- _Assigned task_:
Return the material below exactly, but only from the line with "Subwoofer Proel S10A" through the line with "Black Sale bei", and without its pictures.

- _Materials provided_:
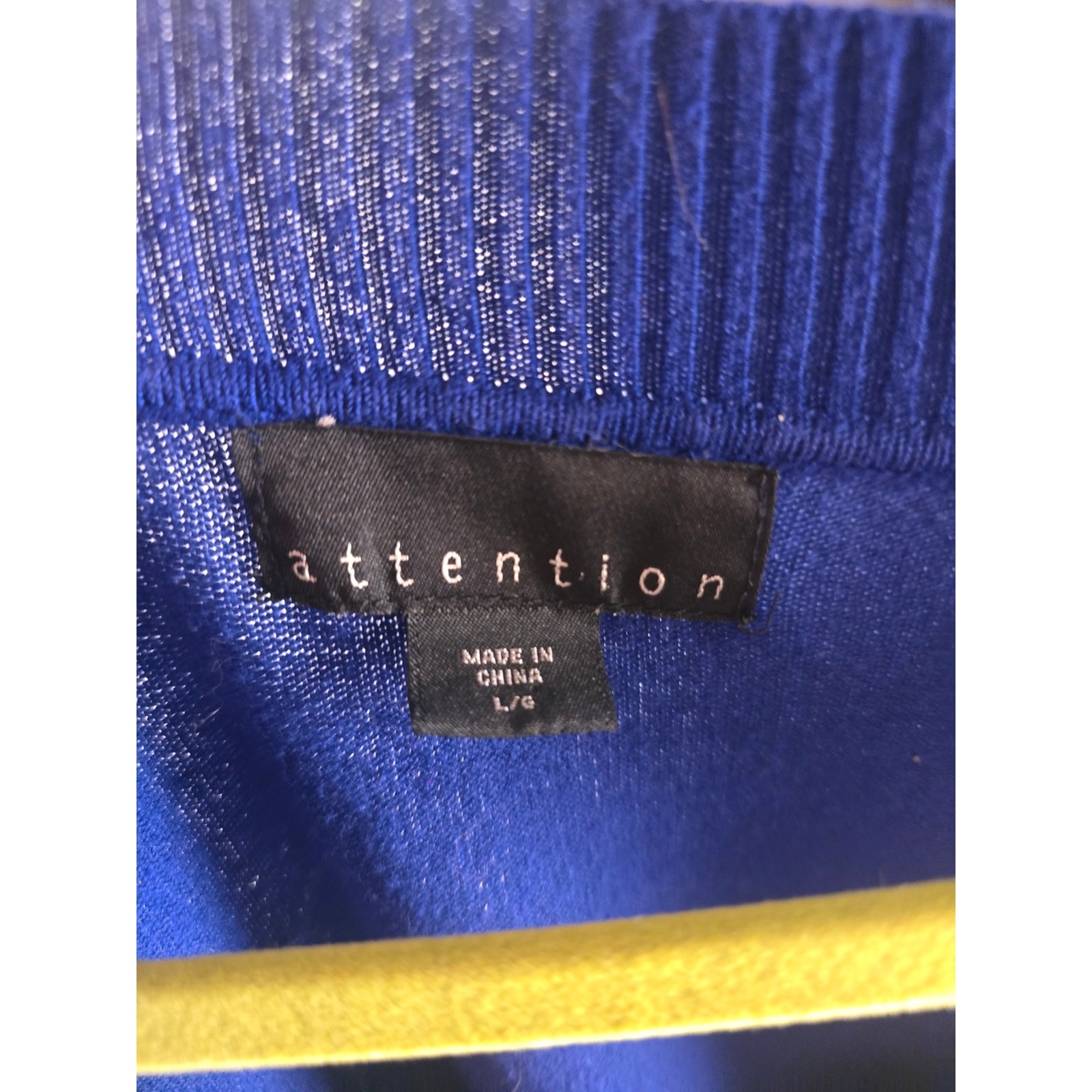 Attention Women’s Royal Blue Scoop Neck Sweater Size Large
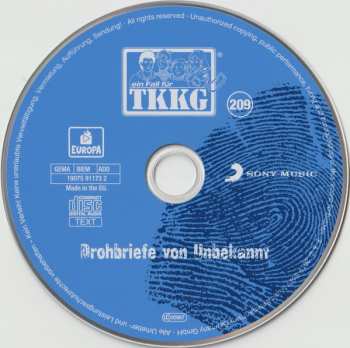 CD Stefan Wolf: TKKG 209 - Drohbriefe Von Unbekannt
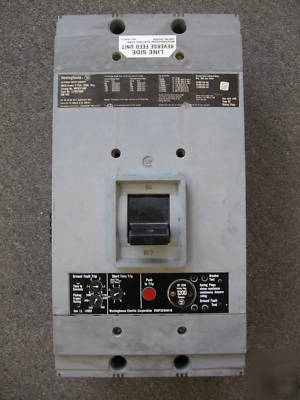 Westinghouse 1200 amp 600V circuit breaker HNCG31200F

* * *

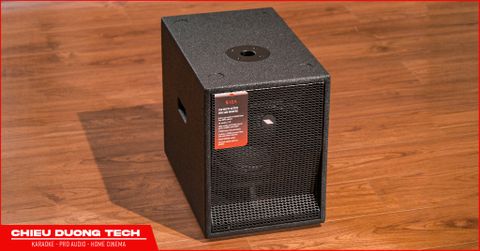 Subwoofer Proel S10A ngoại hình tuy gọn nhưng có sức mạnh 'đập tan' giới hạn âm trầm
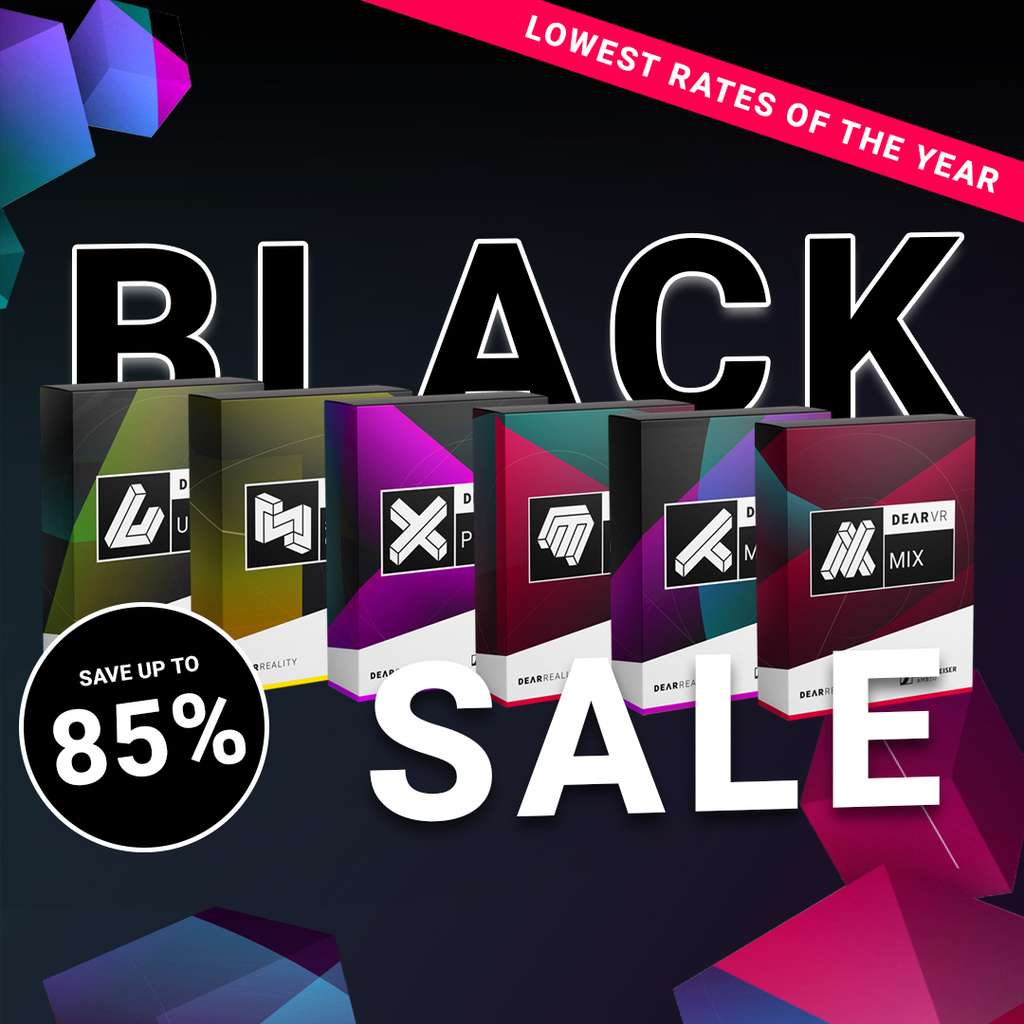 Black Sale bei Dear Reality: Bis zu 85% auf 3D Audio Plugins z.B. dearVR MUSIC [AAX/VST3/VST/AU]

--

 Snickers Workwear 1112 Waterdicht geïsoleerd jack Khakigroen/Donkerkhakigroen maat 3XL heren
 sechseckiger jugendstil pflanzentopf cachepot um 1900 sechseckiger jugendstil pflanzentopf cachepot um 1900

- _Solution to the problem_:
 Subwoofer Proel S10A ngoại hình tuy gọn nhưng có sức mạnh 'đập tan' giới hạn âm trầm
 Black Sale bei Dear Reality: Bis zu 85% auf 3D Audio Plugins z.B. dearVR MUSIC [AAX/VST3/VST/AU]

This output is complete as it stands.